Allah kısmetime yazmış Türkiye’de iki sene yaşadım. Türkiye’nin havasından nefes aldım ve Türk kardeşlerimin sevinci ve dertlerine ortak oldum. Sanırım bu iki sene bana çok manevi kuvvet verdi. Bir kez daha, Özbek ve Anadolu Türklerinin aslen bir halk olduğunu ikna oldum. Burada benim bir Türkistanlı, yani Türklerin ata yurdundan geldiğimi öğrenen kardeşlerim benimle içtenlikle konuşuyordu. “Allah nesip eder de Özbekistan’a bir gün döneceğim” dediğimde, Türkiyeli dostlar “Niçin döneceksin. Burası da sana vatandır”, diye sıcak karşılık verdiler. Allah razı olsun sizlerden, ben Türkiye ve Türk halkından razıyım, siz de benden razı olunuz.
Bu arada, burada zamanımı boşa harcamadım. Türkiye’de yaşadığım iki yılda Türkiye’yi Özbek halkına daha iyi tanıtmak için “Türkiye manzaraları” adlı bir seyahatname kitabi yazdım. Bu eserimi bölümler halinde sosyal medyada yayınladım. Şimdilerde bu kitabımı yeniden gözden geçirerek, Özbekistan’da yayınlama gayreti içindeyim.
8. Türkiye-Özbek ilişkilerinde yaşanan gelişmelerden memnun musunuz?
Türk-Özbek ilişkilerine ciddi zarar veren diktatör Kerimov’un ölümünden sonra durum çarpıcı bir şekilde iyilik tarafa değişti. Yeni devlet başkanımız Şevket Mirziyayev ve Türkiye Cumhurbaşkanı Recep Tayyip Erdoğan hızlıca o soğuk ilişkiler dönemini kapattılar. Karşılıklı resmi ziyaretler ve onlarda verilen sıcak mesajlar Özbek ve Türk halklarını çok memnun etti, diye düşünüyorum. Şu anda Allah’a şükür Türkiye ile iyi ilişkiler içindeyiz. Her iki halkın aydını olarak bu gelişmelerden gerçekten çok mutluyum!

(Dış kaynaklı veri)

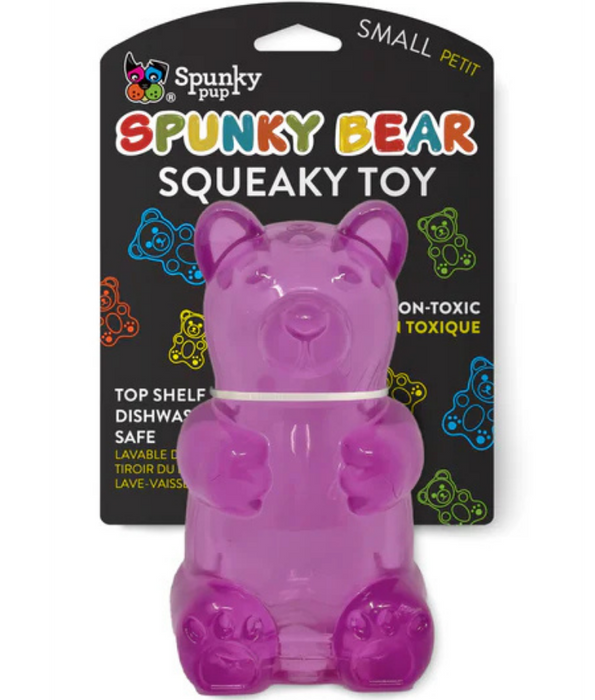 Spunky Pup - Gummy Bear Squeaky Toy, Non-Toxic Durable Rubber, Chew Toy for Dogs - Small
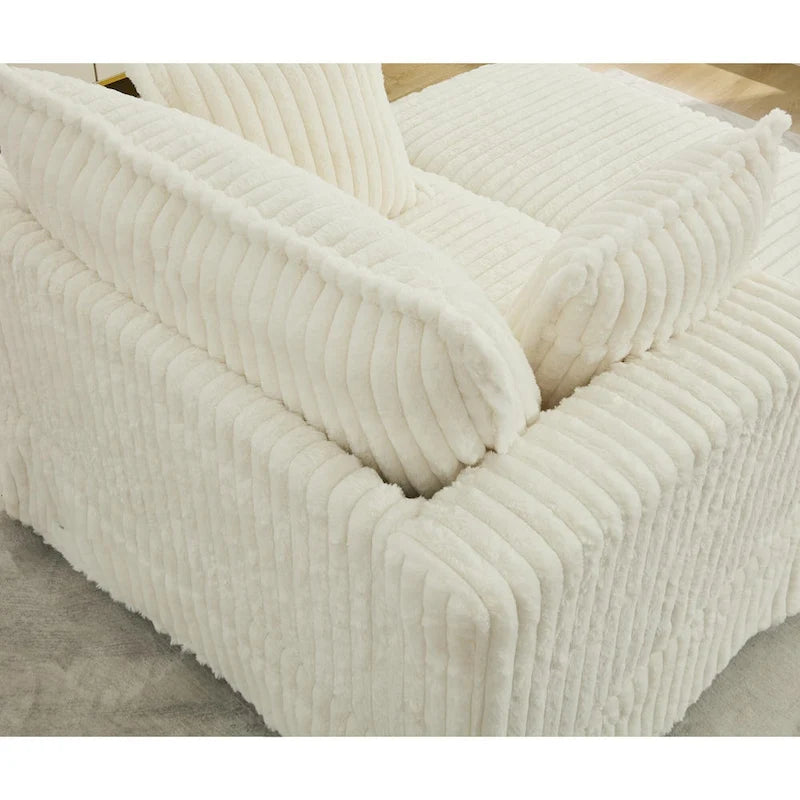 Causeuse en velours côtelé gris foncé / beige / gris clair avec pouf et oreillers, 1 place
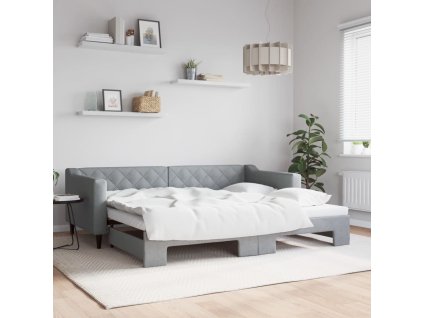 Válenda s přistýlkou světle šedá 90 x 200 cm textil 3197426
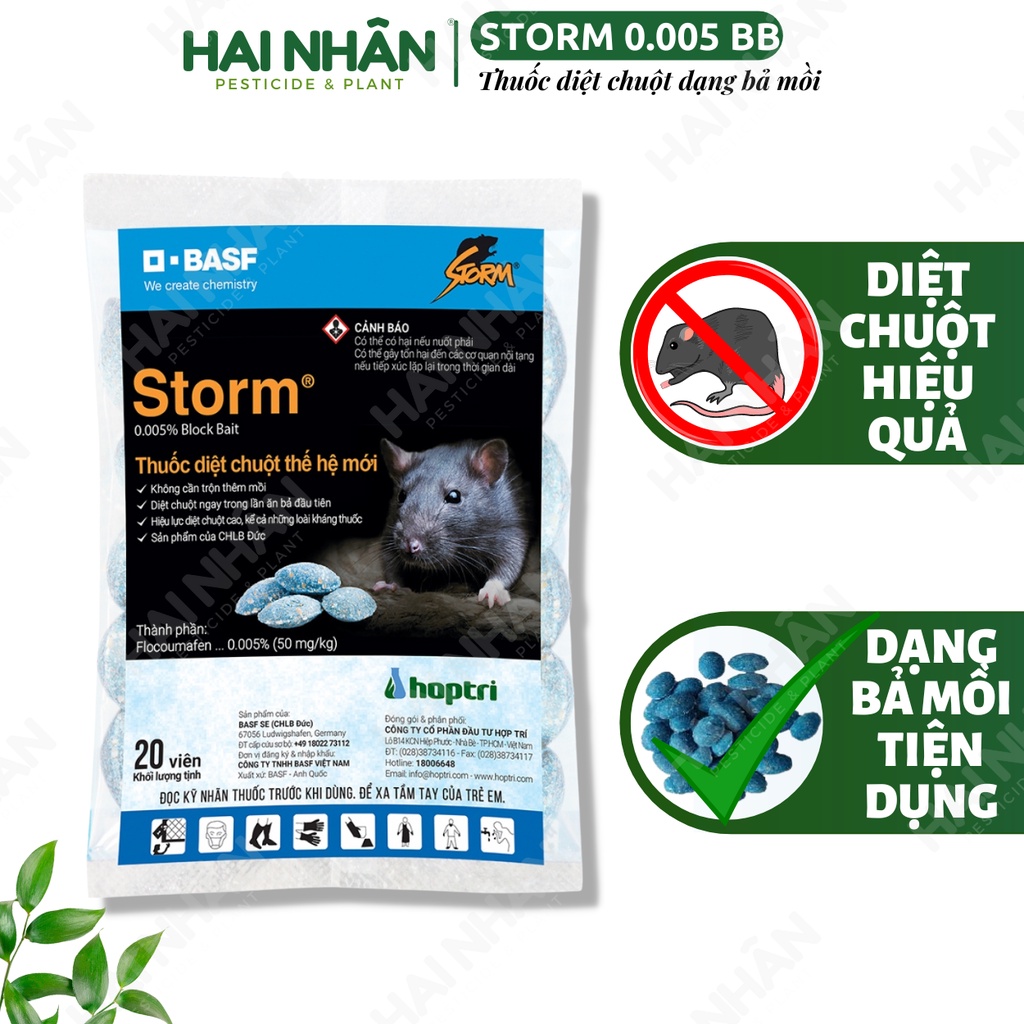 Thuốc diệt chuột Storm dạng viên nén trộn sẵn - gói 20 viên (Hàng hiệu của Đức, Hợp Trí phân phối)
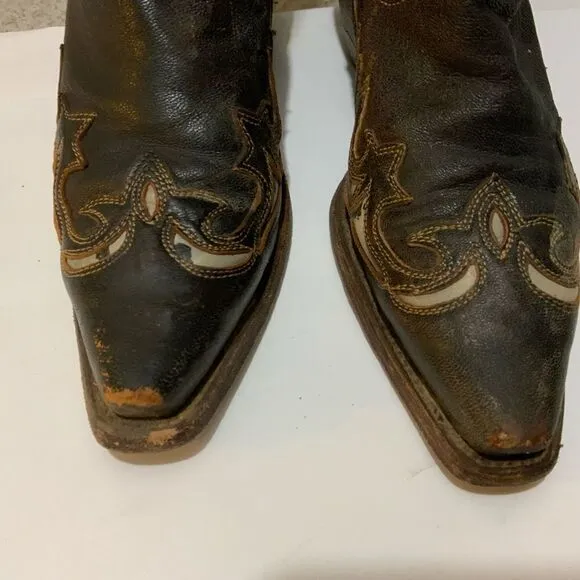 Corral Distressed Leather Snip Toe Brown Western Cowboy Boots - 6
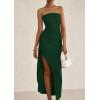 imagePRETTYGARDEN Womens Off Shoulder Bodycon Dresses 2025 Summer Ruched Asymmetrical High Split Elegant Cocktail Party DressDark Green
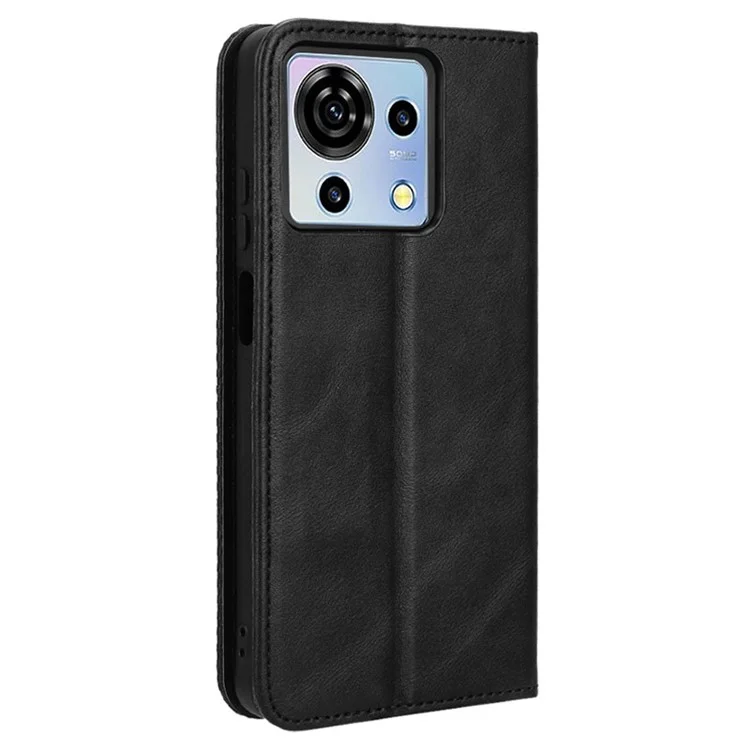 Für ZTE Blade V50 Vita Wallet Case Retro Leather Phone Cover Magnetische Schließung - Schwarz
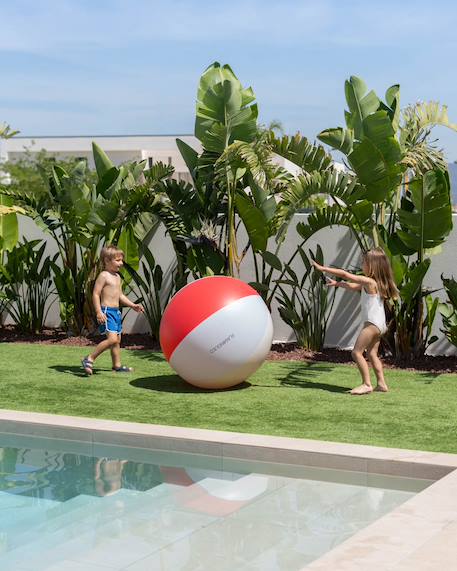 Balle gonflable enfant pour plage et piscine Bleu+Multicolore+Rose 9 - vertbaudet enfant 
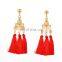 Fashion Jewelry Bohemian Earring Women Long Red Tassel Fringe Dangle Earring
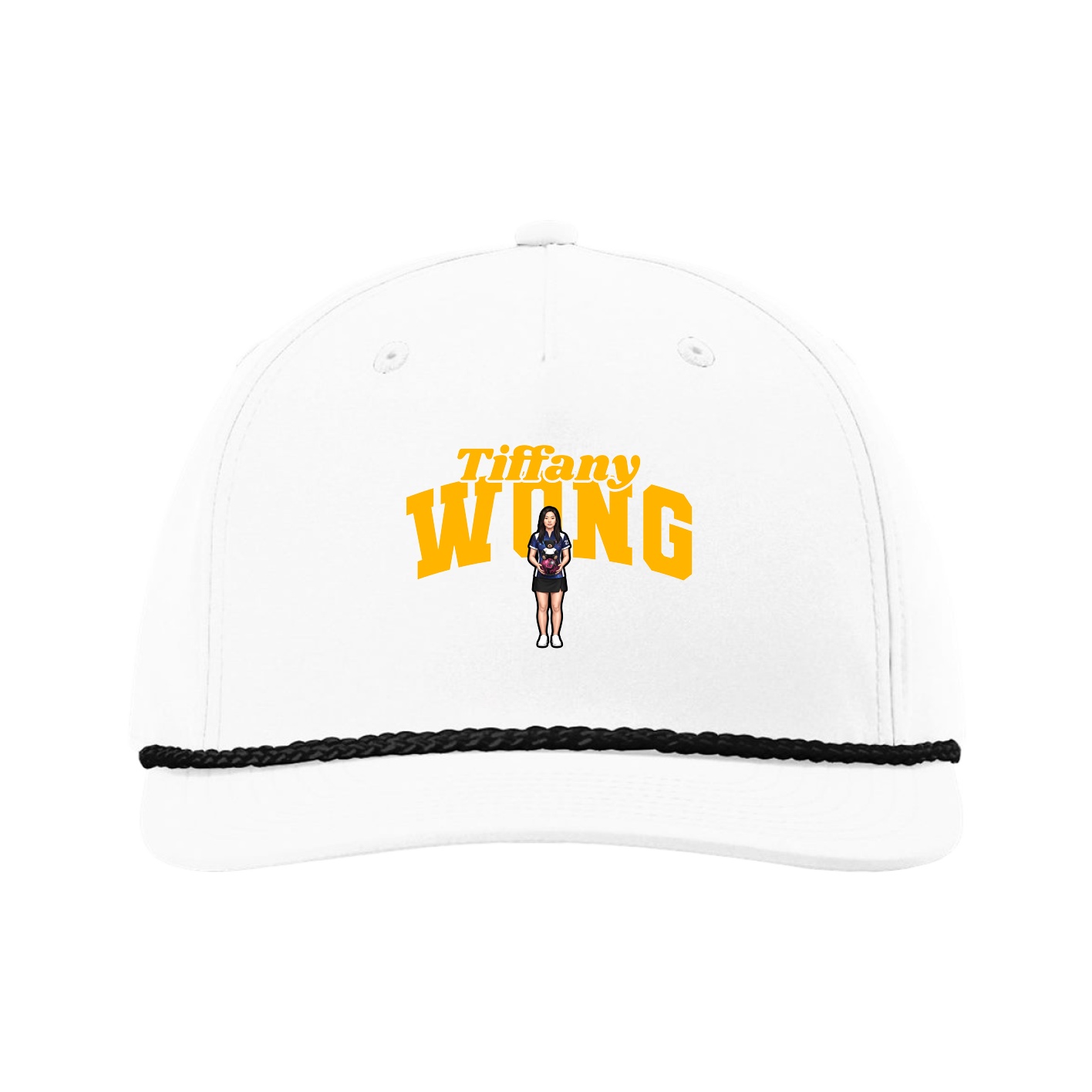 Five-Panel Classic Rope Cap — Signature Arch in White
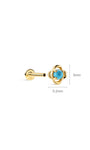 Kosiner Jewelry KOSINER Étoile 14K Solid Gold Minimalist Turquoise Flat Back Stud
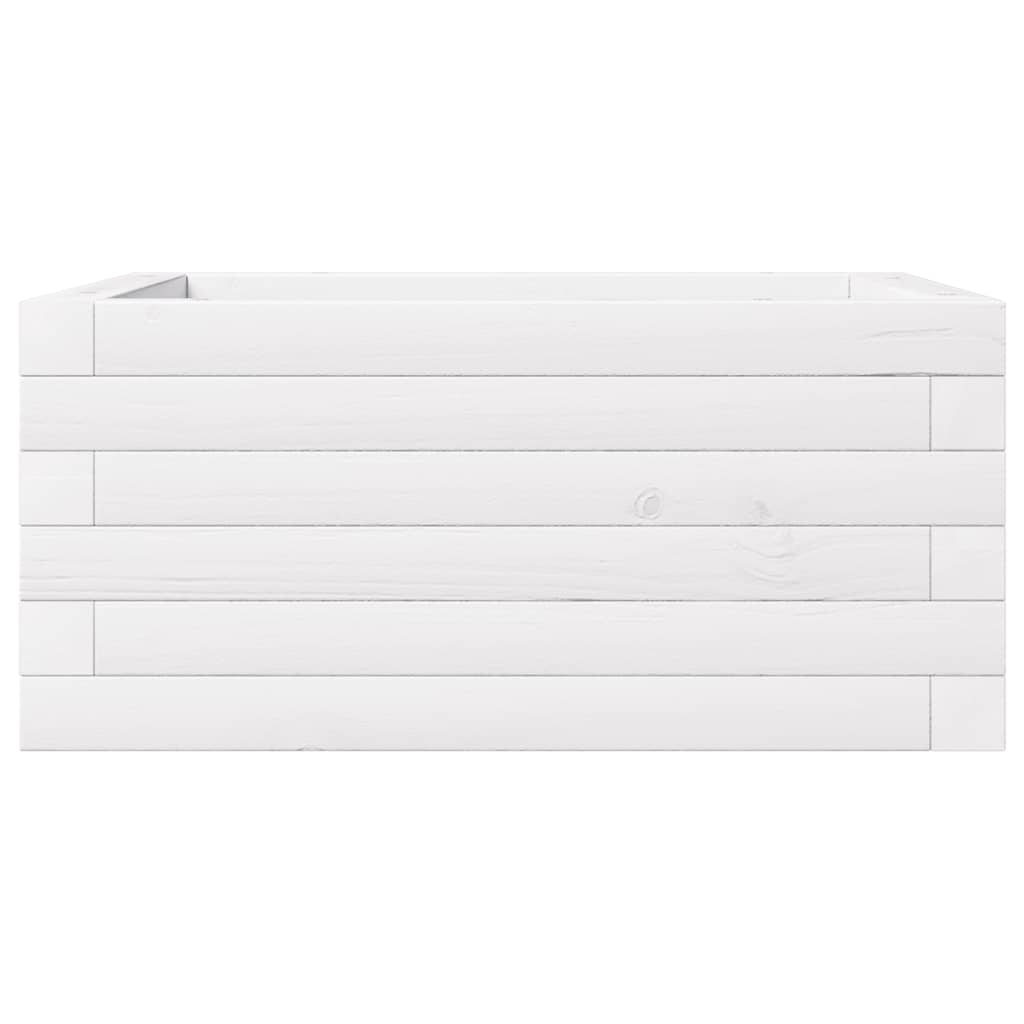 Garden Planter White 50x50x23 cm Solid Wood Pine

Ama ben Özbekistan-Türkiye ilişkilerin daha ileriye götürülmesini istiyorum. Türkiye bizim için örnek bir ülkedir. Türkiye’den birçok alanda tecrübe edinirsek, kesinlikle kazanç elde ederiz. Bunu yapmak için, birbirimizle daha yakın ilişkiler içinde olmalıyız. Bunun için kültürel ve edebi ilişkileri daha yüksek bir seviyeye getirmeliyiz. Bu noktada ilişkilerimiz istenen seviyede değil. Bence Türkiye batıya bakıyor, Özbekistan’da batıyı kendisine örnek almak istiyor. Belki bu bazı alanlarda gereklidir. Ancak biz birbirimize daha yakından bakmalıyız, ve birbirimizi daha yakından görmemiz gerekir. Çünkü biz bir milletiz, büyük tarih ve kültürümüz var. Zaten, köklerimiz de aynıdır.